The sink 7 is designed in a generally annular shape and arranged so that they both the anchor 2 as well as the anchor counterparts 5 encloses in its interior. In the embodiment according to 1 is the coil 7 also arranged so that a direction indicated by a dotted line longitudinal axis 13 the coil 7 perpendicular to the pivot axis 4 of the anchor 2 stands.

In the particular embodiment shown here, the actuator comprises 1 a first yoke body 14 and a second yoke body 15 both of which may be advantageously designed as laminated cores. The individual sheets then run parallel to the plane of the drawing. The first yoke body 14 (in 1 above) for both armature counterparts 5 the first pole faces 8th and a first pitch circle 16 of the inference circle 11 , The first circle 16 in each case leads from the first pole face 8th to a separation point 17 at which the two yoke body 14 . 15 lie together. In a corresponding manner, the second yoke body 15 for both armature counterparts 5 the second pole faces 9 on and in each case a second pitch circle 18 of the inference circle 11 , The second circle 18 in each case leads from the second pole face 9 to the separation point 17 , In this way, the two subcircles 16 . 18 at the separation point 17 interconnected so that the return circuit 11 except for the gap 10 closed is. It is advantageous here that only two components, namely the two yoke body 14 . 15 , required for both armature counterparts 5 to train the yokes.

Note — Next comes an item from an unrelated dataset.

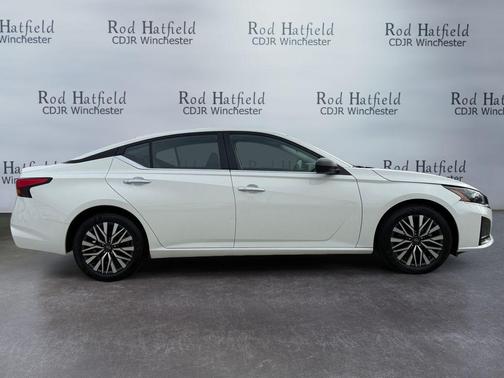 Glacier White 2025 Nissan Altima 2.5 SV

The sink 7 has, for example in cross-section a conical shape and can be used for assembly before assembling the two yoke body 14 . 15 in one of the yoke body 14 . 15 be used.

As in 1 shown in the gap 10 between the pole faces 8th . 9 the anchor counterparts 5 a permanent magnet 19 be used, with the help of which on the anchor 2 acting forces can be strengthened.

Corresponding 2 can the actuator 1 be configured in another embodiment, that the longitudinal axis 13 the coil 7 coaxial to the pivot axis 4 of the anchor 2 runs, so coincides with this. Also in this embodiment encloses the cylindrical here formed coil 7 the anchor 2 and the anchor counterparts 5 of which only one is shown here. Another peculiarity of in 2 the embodiment shown is with respect to the pivot axis 4 of the anchor 2 symmetrical construction.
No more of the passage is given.